Initially, several coffee shops and restaurants operated in Sosúa: Café Stockmann  and the Bakery of Franz Heiss were among the most popular. It was in one of these locations – also the site of Sosúa’s only European bakery – that the future Café Oasis was established. This large house was centrally located on Sosúa’s main street and had an ample backyard where settlers could sit in the shade and relax. Originally, Café Oasis and  the Hotel Garden City – the only hotel in Sosúa and its surroundings – were under the same administration.

During its early years it was managed by the DORSA, but as time passed it was converted into a cooperative. The menu offered a variety of dishes, some similar to most dishes offered in Dominican restaurants of the time, some more in the European tradition, such as Dobosh torte, Wiener schnitzel, and goulash soup. In the early years the Café Oasis was the place where most of the settlers gathered daily for an afternoon cup of coffee or tea and dessert. They played cards, chess, and other games while they gossiped about what was happening in the world. Eventually, a bowling alley was also installed at the side of the building; the kegels (pins) and balls were manufactured by a settler. Importantly, the Café Oasis had a large enclosed dining space and was therefore used for many big town gatherings, such as Passover dinner, Sosúa reunions, and parties on New Year’s Eve.

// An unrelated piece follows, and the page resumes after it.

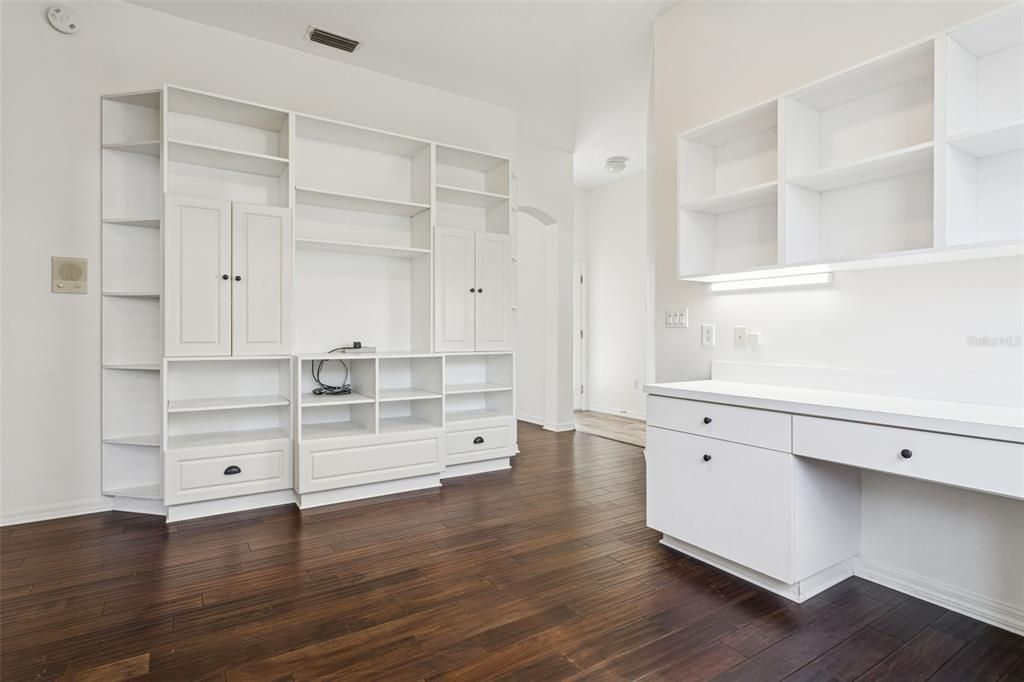 В аренду: $4,500 (4 спален, 3 ванн, 3647 Квадратных фут)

In the 1960s the business was sold to a Dominican couple, Carmen and her husband Ernesto Matos. Carmen was the original chef at the Café Oasis, and had learned her European repertoire from some of the original female settlers. In the years that followed, Carmen and Ernesto removed the bowling alley to make room for additional seating. Popular Dominican performers such as Johnny Ventura, Wilfrido Vargas, and others played at Café Oasis with their bands and combos. During this period Café Oasis attracted a much wider audience, bringing native Dominicans from Puerto Plata and even Santiago. The Sosúa settlers stopped going to the Café Oasis for afternoon coffee and games; they continued to use the facility as a restaurant, for Passover seders, and for Sosúa anniversary reunions.